● **How to complete this task**: Pictures aside, the output must consist of the lines from the one containing "Immaculate Heart Mary" through the end of the data, reproduced exactly.
-------- Material shown
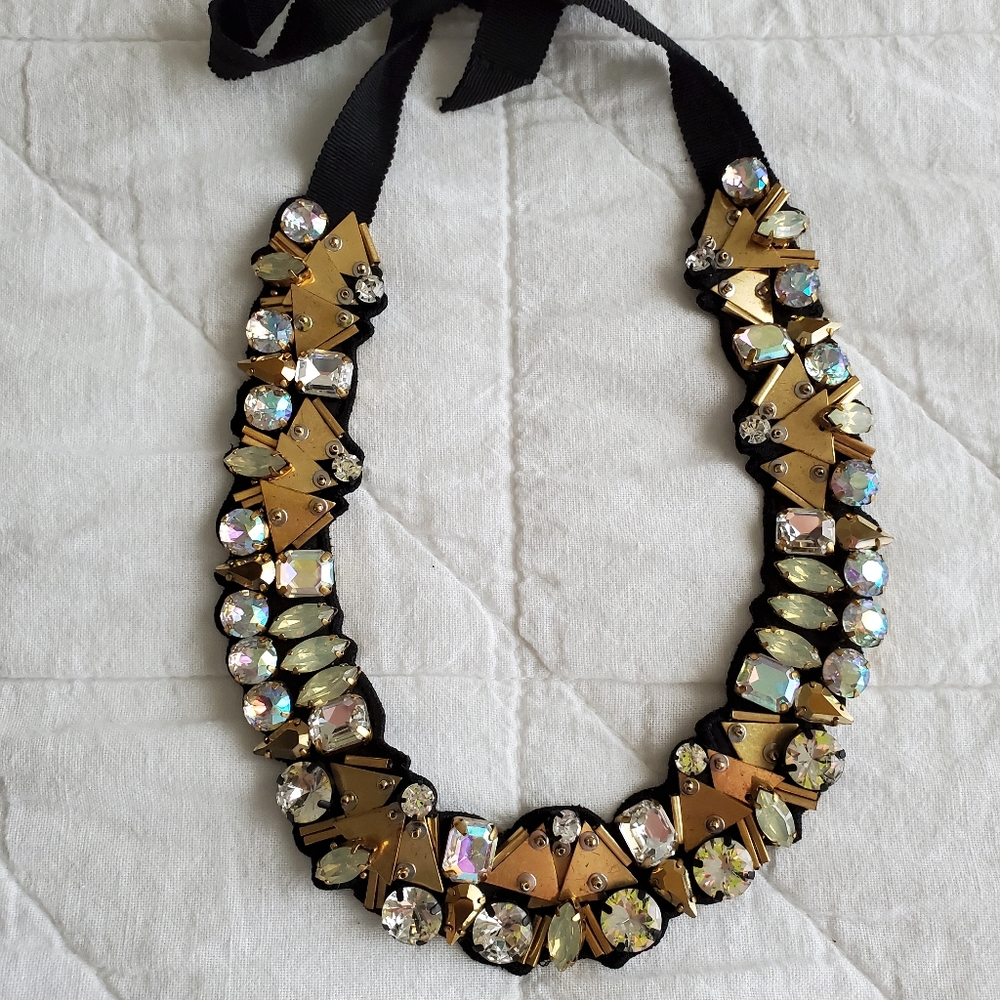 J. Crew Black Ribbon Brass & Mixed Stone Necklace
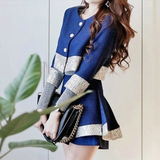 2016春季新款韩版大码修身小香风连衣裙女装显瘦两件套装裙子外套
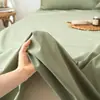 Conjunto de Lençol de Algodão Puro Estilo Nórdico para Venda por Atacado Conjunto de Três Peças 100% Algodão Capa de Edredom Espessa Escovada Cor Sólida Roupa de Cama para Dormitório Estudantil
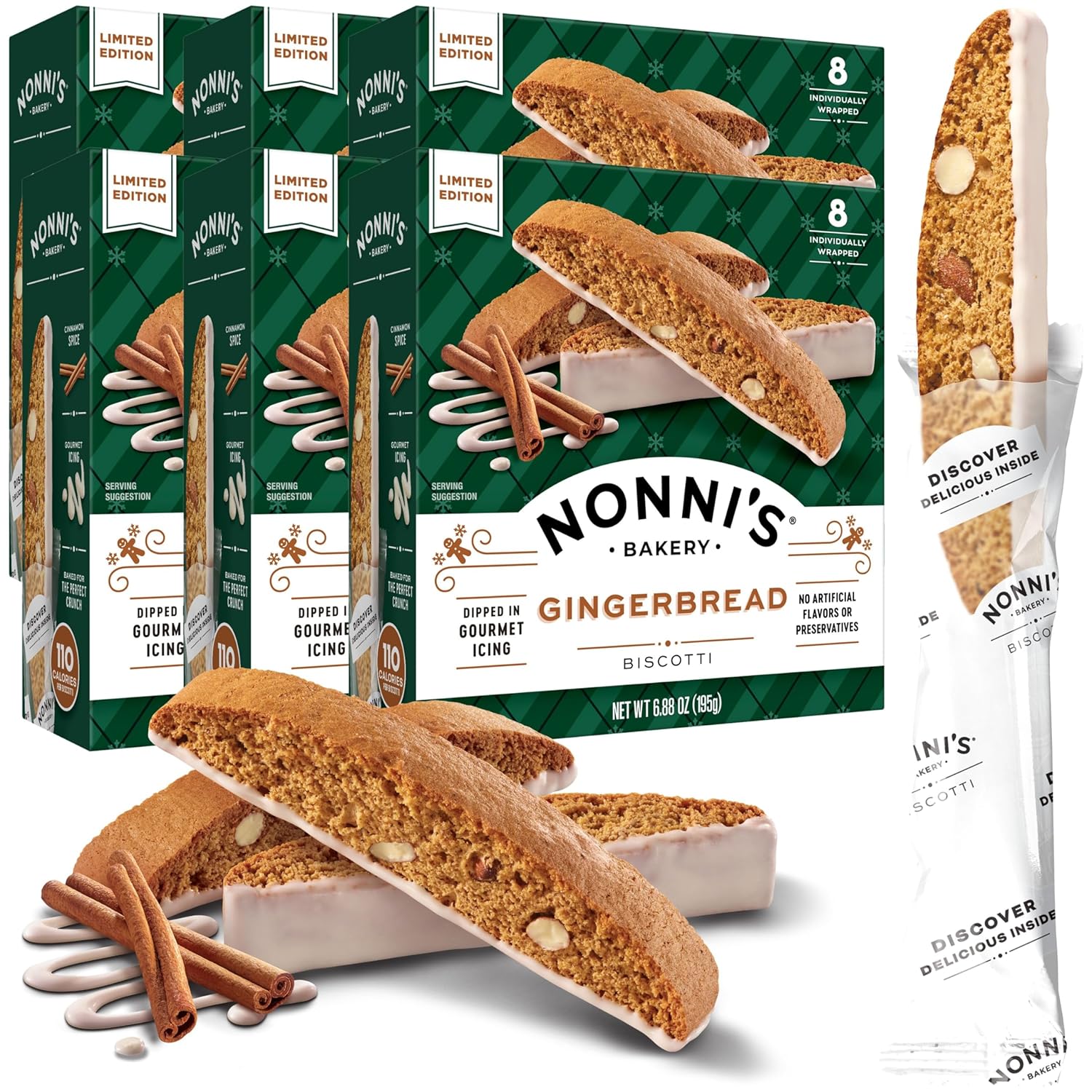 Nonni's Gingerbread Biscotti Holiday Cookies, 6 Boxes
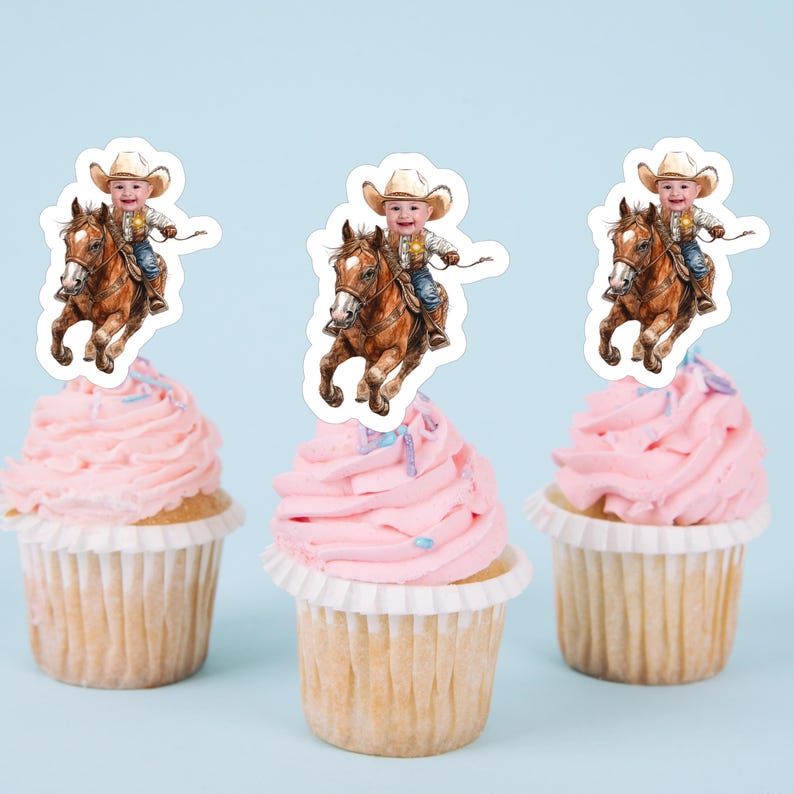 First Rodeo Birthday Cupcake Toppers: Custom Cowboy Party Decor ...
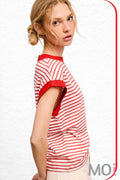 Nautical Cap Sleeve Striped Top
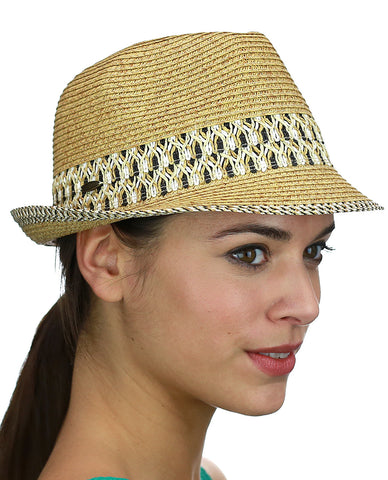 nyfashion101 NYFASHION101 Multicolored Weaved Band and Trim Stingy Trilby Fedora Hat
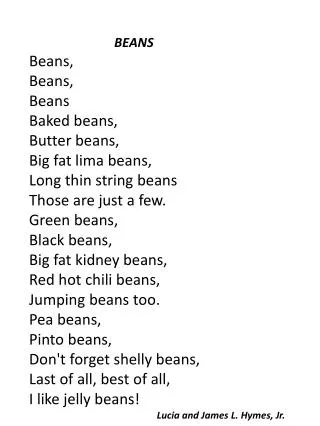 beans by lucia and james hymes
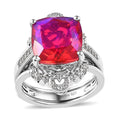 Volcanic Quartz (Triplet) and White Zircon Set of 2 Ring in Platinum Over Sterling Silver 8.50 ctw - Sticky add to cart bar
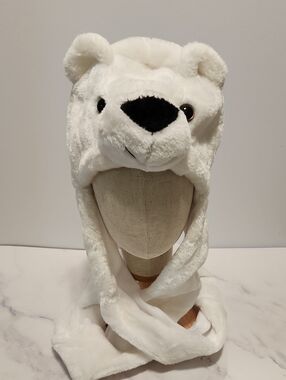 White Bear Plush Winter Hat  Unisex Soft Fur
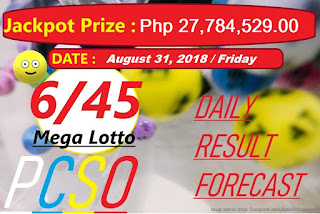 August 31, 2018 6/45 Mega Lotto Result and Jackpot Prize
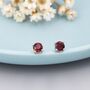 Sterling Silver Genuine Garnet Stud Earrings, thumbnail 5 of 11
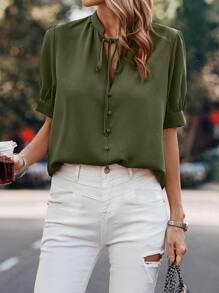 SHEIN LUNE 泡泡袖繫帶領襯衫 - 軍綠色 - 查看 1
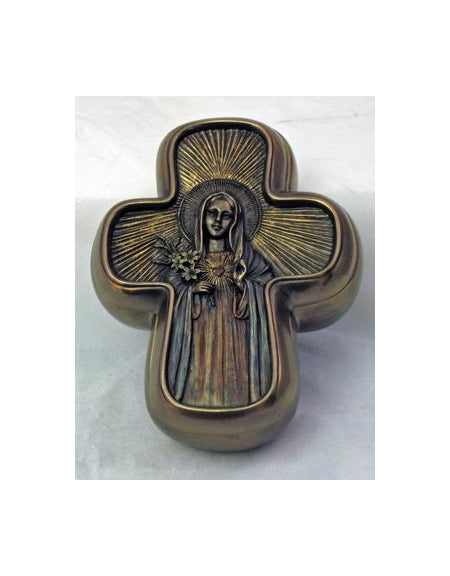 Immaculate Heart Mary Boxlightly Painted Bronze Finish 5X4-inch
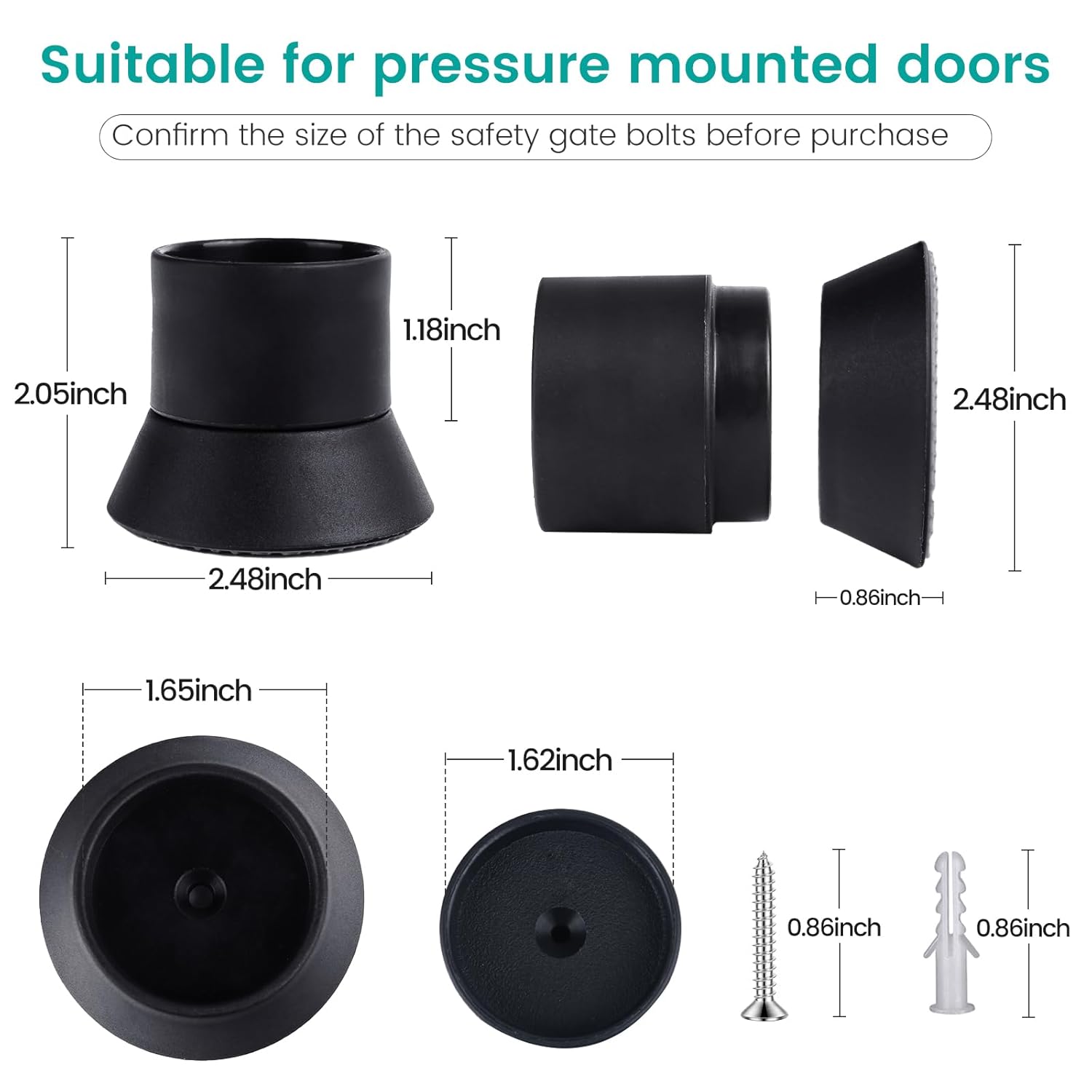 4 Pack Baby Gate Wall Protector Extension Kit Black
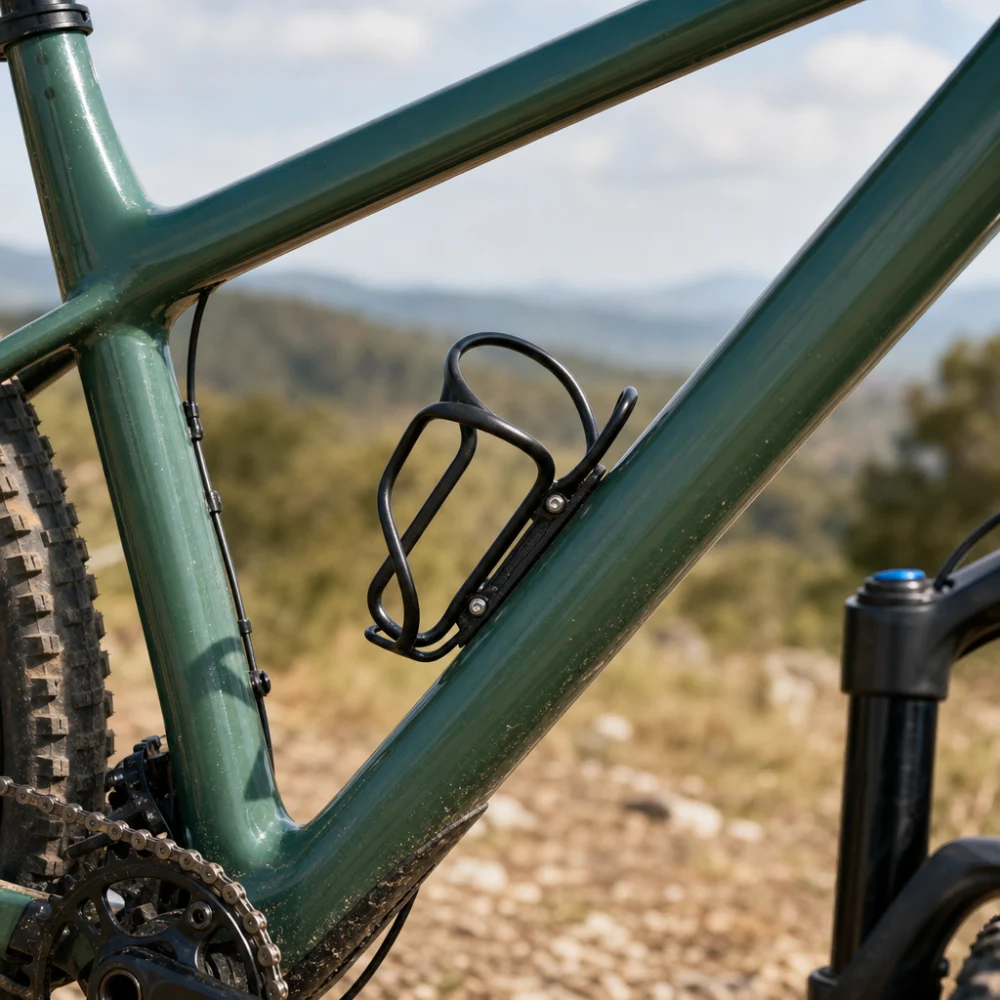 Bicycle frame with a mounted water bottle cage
----------------
● **Solution to the problem**:
 Immaculate Heart Mary Boxlightly Painted Bronze Finish 5X4-inch
 4 Pack Baby Gate Wall Protector Extension Kit Black
 Bicycle frame with a mounted water bottle cage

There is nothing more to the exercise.